RECORDS FOR THIS EXERCISE:
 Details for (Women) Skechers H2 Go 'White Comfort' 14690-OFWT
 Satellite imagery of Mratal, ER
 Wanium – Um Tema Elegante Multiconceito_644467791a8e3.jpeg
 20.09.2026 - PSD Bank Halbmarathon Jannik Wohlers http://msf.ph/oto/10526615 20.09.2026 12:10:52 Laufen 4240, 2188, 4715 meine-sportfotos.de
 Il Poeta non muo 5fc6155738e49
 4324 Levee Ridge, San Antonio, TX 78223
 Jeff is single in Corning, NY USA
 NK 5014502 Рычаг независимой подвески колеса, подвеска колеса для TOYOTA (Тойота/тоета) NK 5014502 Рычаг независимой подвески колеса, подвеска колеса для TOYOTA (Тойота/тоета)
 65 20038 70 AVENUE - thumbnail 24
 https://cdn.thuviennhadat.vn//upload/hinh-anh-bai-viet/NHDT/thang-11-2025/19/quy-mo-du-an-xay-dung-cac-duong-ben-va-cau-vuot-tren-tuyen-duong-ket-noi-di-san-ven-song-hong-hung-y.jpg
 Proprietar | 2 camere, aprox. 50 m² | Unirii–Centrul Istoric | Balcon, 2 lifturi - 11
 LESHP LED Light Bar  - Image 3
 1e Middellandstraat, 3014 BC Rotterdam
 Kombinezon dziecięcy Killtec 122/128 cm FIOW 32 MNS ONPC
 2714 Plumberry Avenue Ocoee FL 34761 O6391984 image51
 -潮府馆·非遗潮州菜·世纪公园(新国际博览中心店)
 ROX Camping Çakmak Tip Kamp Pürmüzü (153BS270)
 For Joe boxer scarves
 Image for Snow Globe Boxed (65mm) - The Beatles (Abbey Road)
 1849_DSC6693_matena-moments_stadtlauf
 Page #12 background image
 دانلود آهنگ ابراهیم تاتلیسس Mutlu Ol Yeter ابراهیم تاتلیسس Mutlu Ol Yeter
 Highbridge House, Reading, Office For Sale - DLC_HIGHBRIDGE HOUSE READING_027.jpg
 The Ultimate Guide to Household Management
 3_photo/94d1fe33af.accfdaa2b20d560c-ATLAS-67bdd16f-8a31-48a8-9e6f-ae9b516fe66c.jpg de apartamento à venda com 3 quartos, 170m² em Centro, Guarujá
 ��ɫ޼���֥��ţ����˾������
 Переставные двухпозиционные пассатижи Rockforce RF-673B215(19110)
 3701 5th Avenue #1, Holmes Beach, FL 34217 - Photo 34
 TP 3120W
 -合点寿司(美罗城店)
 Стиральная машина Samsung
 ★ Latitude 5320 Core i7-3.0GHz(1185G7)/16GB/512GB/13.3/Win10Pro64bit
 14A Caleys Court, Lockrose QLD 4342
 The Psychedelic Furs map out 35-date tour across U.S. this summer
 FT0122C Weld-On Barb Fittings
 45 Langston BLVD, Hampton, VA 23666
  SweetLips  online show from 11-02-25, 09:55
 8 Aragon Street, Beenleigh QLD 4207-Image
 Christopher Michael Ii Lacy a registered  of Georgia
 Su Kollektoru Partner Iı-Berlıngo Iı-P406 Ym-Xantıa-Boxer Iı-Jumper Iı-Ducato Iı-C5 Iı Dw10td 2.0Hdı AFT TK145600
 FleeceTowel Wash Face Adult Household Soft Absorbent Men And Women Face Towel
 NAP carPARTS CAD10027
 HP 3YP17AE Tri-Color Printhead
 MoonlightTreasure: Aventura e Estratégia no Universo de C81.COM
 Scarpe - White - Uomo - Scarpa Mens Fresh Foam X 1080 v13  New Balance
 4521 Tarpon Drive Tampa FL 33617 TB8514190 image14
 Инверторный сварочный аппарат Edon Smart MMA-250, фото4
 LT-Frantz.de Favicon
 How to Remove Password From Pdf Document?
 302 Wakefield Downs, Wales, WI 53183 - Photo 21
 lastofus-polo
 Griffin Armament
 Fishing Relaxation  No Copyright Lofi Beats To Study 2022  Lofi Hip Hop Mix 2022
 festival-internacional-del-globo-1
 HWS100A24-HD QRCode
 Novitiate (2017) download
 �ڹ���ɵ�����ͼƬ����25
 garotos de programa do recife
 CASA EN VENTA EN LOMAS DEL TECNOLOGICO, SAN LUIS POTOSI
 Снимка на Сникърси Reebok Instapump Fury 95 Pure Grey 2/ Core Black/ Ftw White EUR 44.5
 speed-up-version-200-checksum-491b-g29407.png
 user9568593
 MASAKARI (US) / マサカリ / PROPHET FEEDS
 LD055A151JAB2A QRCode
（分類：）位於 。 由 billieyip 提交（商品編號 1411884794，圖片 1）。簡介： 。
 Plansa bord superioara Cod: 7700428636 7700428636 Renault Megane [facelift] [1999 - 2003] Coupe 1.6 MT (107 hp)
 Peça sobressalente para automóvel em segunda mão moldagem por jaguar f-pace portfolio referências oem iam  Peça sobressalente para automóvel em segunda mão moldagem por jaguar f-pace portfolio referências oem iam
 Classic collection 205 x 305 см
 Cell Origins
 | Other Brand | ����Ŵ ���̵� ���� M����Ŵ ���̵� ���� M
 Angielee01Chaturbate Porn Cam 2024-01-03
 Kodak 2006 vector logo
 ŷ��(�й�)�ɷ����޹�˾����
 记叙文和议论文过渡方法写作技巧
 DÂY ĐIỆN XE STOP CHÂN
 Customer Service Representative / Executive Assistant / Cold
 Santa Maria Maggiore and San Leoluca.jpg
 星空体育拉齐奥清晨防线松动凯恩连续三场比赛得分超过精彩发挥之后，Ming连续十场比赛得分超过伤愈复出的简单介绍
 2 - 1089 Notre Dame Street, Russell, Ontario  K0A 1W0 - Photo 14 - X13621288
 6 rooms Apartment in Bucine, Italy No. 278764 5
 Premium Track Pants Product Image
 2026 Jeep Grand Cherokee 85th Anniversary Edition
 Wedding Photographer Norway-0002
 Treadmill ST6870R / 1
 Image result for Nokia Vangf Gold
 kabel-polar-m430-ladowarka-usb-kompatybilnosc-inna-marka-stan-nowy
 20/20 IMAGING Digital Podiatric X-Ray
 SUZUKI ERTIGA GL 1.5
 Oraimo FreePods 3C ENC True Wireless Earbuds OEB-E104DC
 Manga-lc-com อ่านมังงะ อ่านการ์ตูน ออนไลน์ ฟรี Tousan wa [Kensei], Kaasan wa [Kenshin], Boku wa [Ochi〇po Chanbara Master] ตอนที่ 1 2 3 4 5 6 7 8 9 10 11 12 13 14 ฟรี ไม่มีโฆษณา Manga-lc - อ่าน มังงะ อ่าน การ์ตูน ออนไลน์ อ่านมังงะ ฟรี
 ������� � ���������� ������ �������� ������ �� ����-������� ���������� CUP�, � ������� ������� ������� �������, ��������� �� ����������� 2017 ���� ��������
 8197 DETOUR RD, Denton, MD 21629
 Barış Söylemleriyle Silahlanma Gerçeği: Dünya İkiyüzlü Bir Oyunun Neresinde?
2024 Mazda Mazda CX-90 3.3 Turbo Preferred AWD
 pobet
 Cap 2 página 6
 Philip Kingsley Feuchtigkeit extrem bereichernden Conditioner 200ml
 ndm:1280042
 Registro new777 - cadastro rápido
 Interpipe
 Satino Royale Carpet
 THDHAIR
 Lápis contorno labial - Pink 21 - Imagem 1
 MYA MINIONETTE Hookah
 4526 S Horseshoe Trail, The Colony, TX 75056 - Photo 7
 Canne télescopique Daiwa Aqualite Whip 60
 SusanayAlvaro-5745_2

REQUIREMENT: Type out the whole listing once more, exactly as written.

WRITTEN SOLUTION:
 Details for (Women) Skechers H2 Go 'White Comfort' 14690-OFWT
 Satellite imagery of Mratal, ER
 Wanium – Um Tema Elegante Multiconceito_644467791a8e3.jpeg
 20.09.2026 - PSD Bank Halbmarathon Jannik Wohlers http://msf.ph/oto/10526615 20.09.2026 12:10:52 Laufen 4240, 2188, 4715 meine-sportfotos.de
 Il Poeta non muo 5fc6155738e49
 4324 Levee Ridge, San Antonio, TX 78223
 Jeff is single in Corning, NY USA
 NK 5014502 Рычаг независимой подвески колеса, подвеска колеса для TOYOTA (Тойота/тоета) NK 5014502 Рычаг независимой подвески колеса, подвеска колеса для TOYOTA (Тойота/тоета)
 65 20038 70 AVENUE - thumbnail 24
 https://cdn.thuviennhadat.vn//upload/hinh-anh-bai-viet/NHDT/thang-11-2025/19/quy-mo-du-an-xay-dung-cac-duong-ben-va-cau-vuot-tren-tuyen-duong-ket-noi-di-san-ven-song-hong-hung-y.jpg
 Proprietar | 2 camere, aprox. 50 m² | Unirii–Centrul Istoric | Balcon, 2 lifturi - 11
 LESHP LED Light Bar  - Image 3
 1e Middellandstraat, 3014 BC Rotterdam
 Kombinezon dziecięcy Killtec 122/128 cm FIOW 32 MNS ONPC
 2714 Plumberry Avenue Ocoee FL 34761 O6391984 image51
 -潮府馆·非遗潮州菜·世纪公园(新国际博览中心店)
 ROX Camping Çakmak Tip Kamp Pürmüzü (153BS270)
 For Joe boxer scarves
 Image for Snow Globe Boxed (65mm) - The Beatles (Abbey Road)
 1849_DSC6693_matena-moments_stadtlauf
 Page #12 background image
 دانلود آهنگ ابراهیم تاتلیسس Mutlu Ol Yeter ابراهیم تاتلیسس Mutlu Ol Yeter
 Highbridge House, Reading, Office For Sale - DLC_HIGHBRIDGE HOUSE READING_027.jpg
 The Ultimate Guide to Household Management
 3_photo/94d1fe33af.accfdaa2b20d560c-ATLAS-67bdd16f-8a31-48a8-9e6f-ae9b516fe66c.jpg de apartamento à venda com 3 quartos, 170m² em Centro, Guarujá
 ��ɫ޼���֥��ţ����˾������
 Переставные двухпозиционные пассатижи Rockforce RF-673B215(19110)
 3701 5th Avenue #1, Holmes Beach, FL 34217 - Photo 34
 TP 3120W
 -合点寿司(美罗城店)
 Стиральная машина Samsung
 ★ Latitude 5320 Core i7-3.0GHz(1185G7)/16GB/512GB/13.3/Win10Pro64bit
 14A Caleys Court, Lockrose QLD 4342
 The Psychedelic Furs map out 35-date tour across U.S. this summer
 FT0122C Weld-On Barb Fittings
 45 Langston BLVD, Hampton, VA 23666
  SweetLips  online show from 11-02-25, 09:55
 8 Aragon Street, Beenleigh QLD 4207-Image
 Christopher Michael Ii Lacy a registered  of Georgia
 Su Kollektoru Partner Iı-Berlıngo Iı-P406 Ym-Xantıa-Boxer Iı-Jumper Iı-Ducato Iı-C5 Iı Dw10td 2.0Hdı AFT TK145600
 FleeceTowel Wash Face Adult Household Soft Absorbent Men And Women Face Towel
 NAP carPARTS CAD10027
 HP 3YP17AE Tri-Color Printhead
 MoonlightTreasure: Aventura e Estratégia no Universo de C81.COM
 Scarpe - White - Uomo - Scarpa Mens Fresh Foam X 1080 v13  New Balance
 4521 Tarpon Drive Tampa FL 33617 TB8514190 image14
 Инверторный сварочный аппарат Edon Smart MMA-250, фото4
 LT-Frantz.de Favicon
 How to Remove Password From Pdf Document?
 302 Wakefield Downs, Wales, WI 53183 - Photo 21
 lastofus-polo
 Griffin Armament
 Fishing Relaxation  No Copyright Lofi Beats To Study 2022  Lofi Hip Hop Mix 2022
 festival-internacional-del-globo-1
 HWS100A24-HD QRCode
 Novitiate (2017) download
 �ڹ���ɵ�����ͼƬ����25
 garotos de programa do recife
 CASA EN VENTA EN LOMAS DEL TECNOLOGICO, SAN LUIS POTOSI
 Снимка на Сникърси Reebok Instapump Fury 95 Pure Grey 2/ Core Black/ Ftw White EUR 44.5
 speed-up-version-200-checksum-491b-g29407.png
 user9568593
 MASAKARI (US) / マサカリ / PROPHET FEEDS
 LD055A151JAB2A QRCode
（分類：）位於 。 由 billieyip 提交（商品編號 1411884794，圖片 1）。簡介： 。
 Plansa bord superioara Cod: 7700428636 7700428636 Renault Megane [facelift] [1999 - 2003] Coupe 1.6 MT (107 hp)
 Peça sobressalente para automóvel em segunda mão moldagem por jaguar f-pace portfolio referências oem iam  Peça sobressalente para automóvel em segunda mão moldagem por jaguar f-pace portfolio referências oem iam
 Classic collection 205 x 305 см
 Cell Origins
 | Other Brand | ����Ŵ ���̵� ���� M����Ŵ ���̵� ���� M
 Angielee01Chaturbate Porn Cam 2024-01-03
 Kodak 2006 vector logo
 ŷ��(�й�)�ɷ����޹�˾����
 记叙文和议论文过渡方法写作技巧
 DÂY ĐIỆN XE STOP CHÂN
 Customer Service Representative / Executive Assistant / Cold
 Santa Maria Maggiore and San Leoluca.jpg
 星空体育拉齐奥清晨防线松动凯恩连续三场比赛得分超过精彩发挥之后，Ming连续十场比赛得分超过伤愈复出的简单介绍
 2 - 1089 Notre Dame Street, Russell, Ontario  K0A 1W0 - Photo 14 - X13621288
 6 rooms Apartment in Bucine, Italy No. 278764 5
 Premium Track Pants Product Image
 2026 Jeep Grand Cherokee 85th Anniversary Edition
 Wedding Photographer Norway-0002
 Treadmill ST6870R / 1
 Image result for Nokia Vangf Gold
 kabel-polar-m430-ladowarka-usb-kompatybilnosc-inna-marka-stan-nowy
 20/20 IMAGING Digital Podiatric X-Ray
 SUZUKI ERTIGA GL 1.5
 Oraimo FreePods 3C ENC True Wireless Earbuds OEB-E104DC
 Manga-lc-com อ่านมังงะ อ่านการ์ตูน ออนไลน์ ฟรี Tousan wa [Kensei], Kaasan wa [Kenshin], Boku wa [Ochi〇po Chanbara Master] ตอนที่ 1 2 3 4 5 6 7 8 9 10 11 12 13 14 ฟรี ไม่มีโฆษณา Manga-lc - อ่าน มังงะ อ่าน การ์ตูน ออนไลน์ อ่านมังงะ ฟรี
 ������� � ���������� ������ �������� ������ �� ����-������� ���������� CUP�, � ������� ������� ������� �������, ��������� �� ����������� 2017 ���� ��������
 8197 DETOUR RD, Denton, MD 21629
 Barış Söylemleriyle Silahlanma Gerçeği: Dünya İkiyüzlü Bir Oyunun Neresinde?
2024 Mazda Mazda CX-90 3.3 Turbo Preferred AWD
 pobet
 Cap 2 página 6
 Philip Kingsley Feuchtigkeit extrem bereichernden Conditioner 200ml
 ndm:1280042
 Registro new777 - cadastro rápido
 Interpipe
 Satino Royale Carpet
 THDHAIR
 Lápis contorno labial - Pink 21 - Imagem 1
 MYA MINIONETTE Hookah
 4526 S Horseshoe Trail, The Colony, TX 75056 - Photo 7
 Canne télescopique Daiwa Aqualite Whip 60
 SusanayAlvaro-5745_2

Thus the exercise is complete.